*** Opening GIVEN RECORDS ***

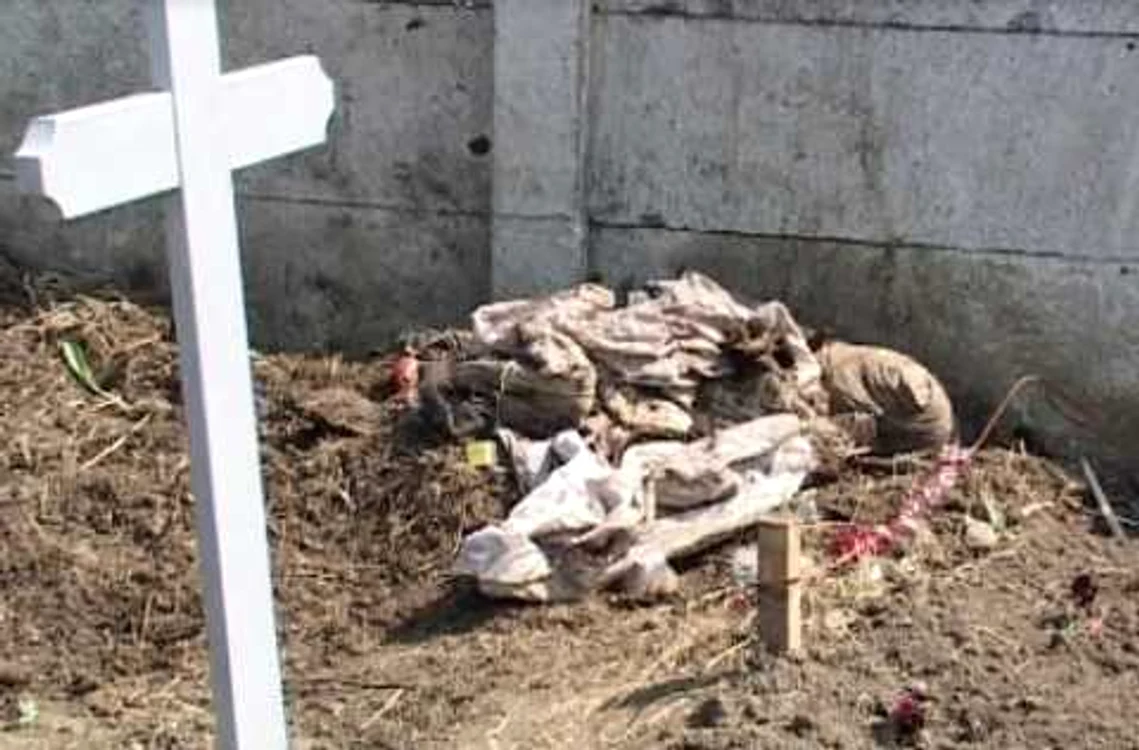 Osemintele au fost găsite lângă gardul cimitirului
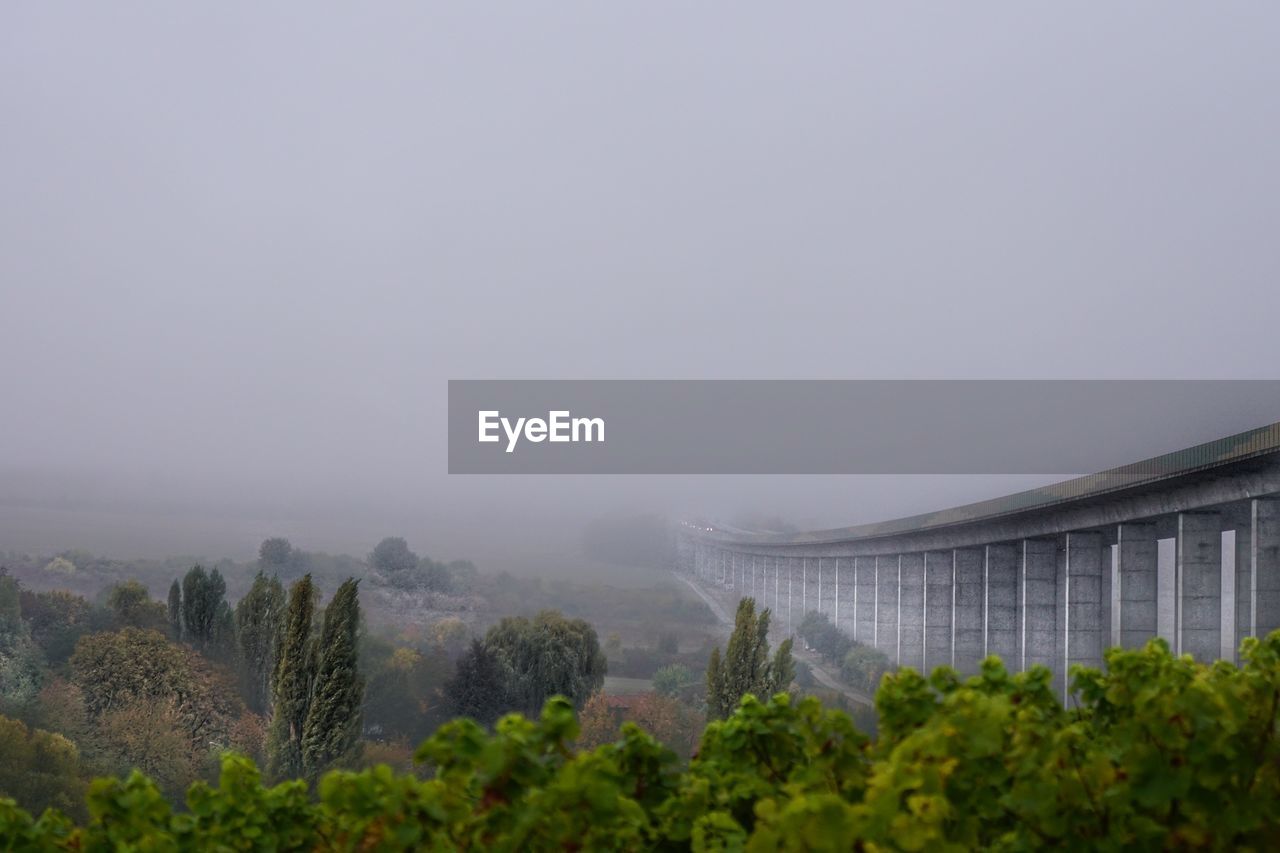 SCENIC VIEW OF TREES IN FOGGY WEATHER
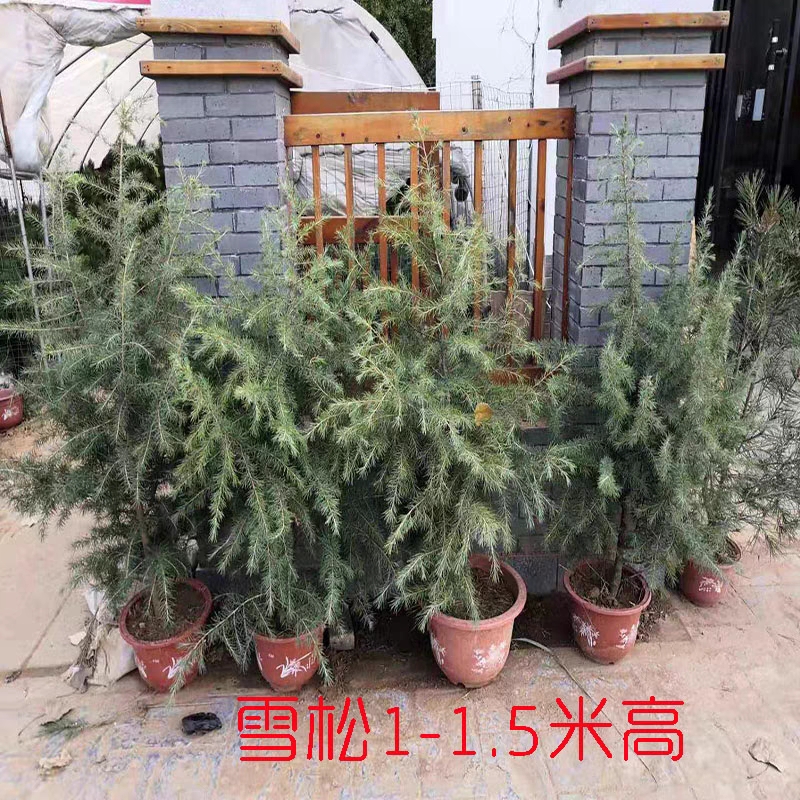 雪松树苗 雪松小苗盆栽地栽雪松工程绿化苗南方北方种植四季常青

*** Closing GIVEN RECORDS ***
*** Opening GIVEN RECORDS ***

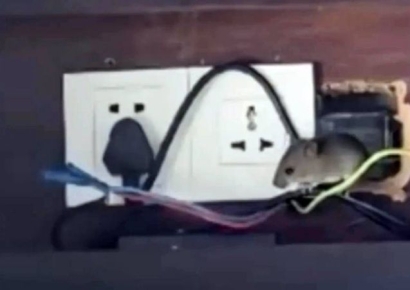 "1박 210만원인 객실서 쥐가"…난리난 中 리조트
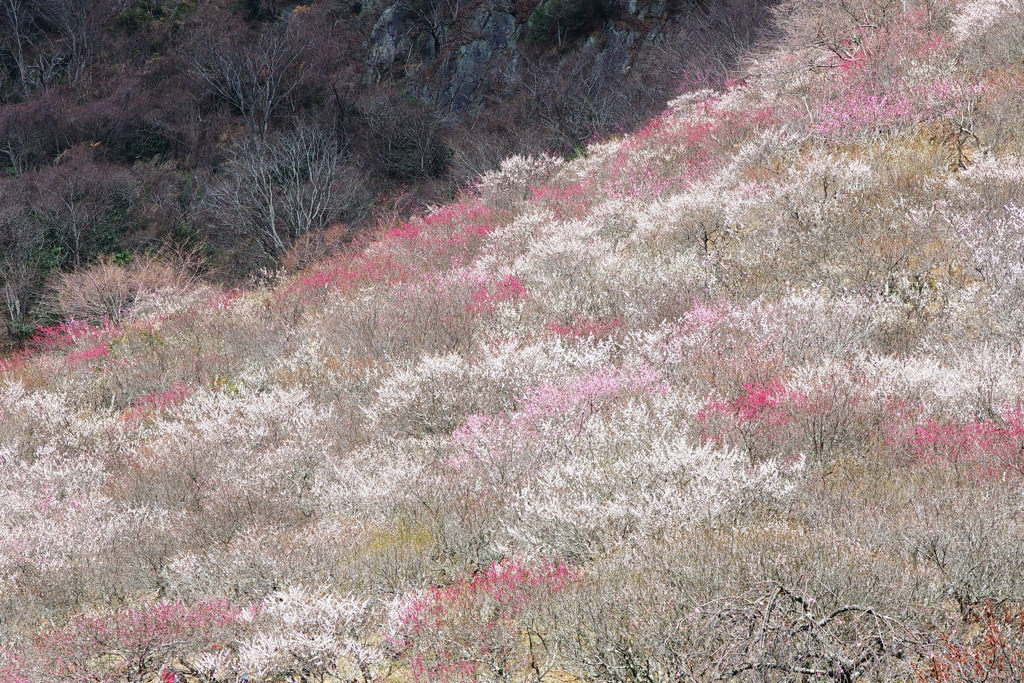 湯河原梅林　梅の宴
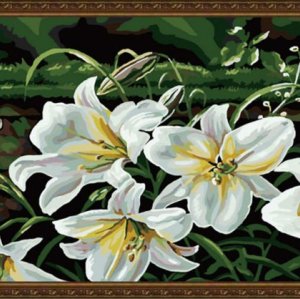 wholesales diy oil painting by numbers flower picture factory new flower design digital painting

*** Closing GIVEN RECORDS ***
*** Opening GIVEN RECORDS ***

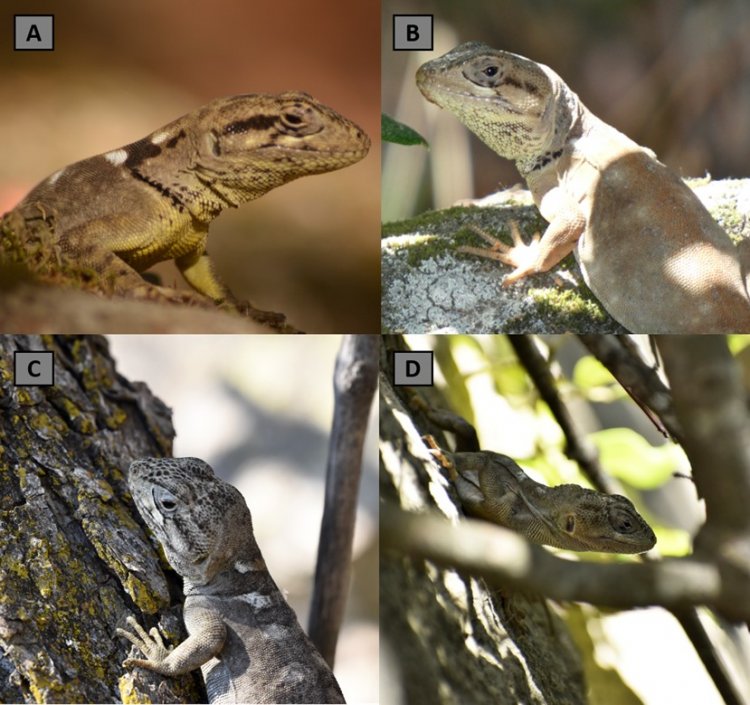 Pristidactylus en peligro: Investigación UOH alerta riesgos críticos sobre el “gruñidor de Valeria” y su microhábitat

*** Closing GIVEN RECORDS ***

▸ AIM OF THE EXERCISE
Above is the material; set down exactly its lines from the one containing "Osemintele au fost" down to the one containing "雪松树苗 雪松小苗盆栽地栽雪松工程绿化苗南方北方种植四季常青", both included, leaving out any pictures.

▸ SOLUTION
 Osemintele au fost găsite lângă gardul cimitirului
 SCENIC VIEW OF TREES IN FOGGY WEATHER
 雪松树苗 雪松小苗盆栽地栽雪松工程绿化苗南方北方种植四季常青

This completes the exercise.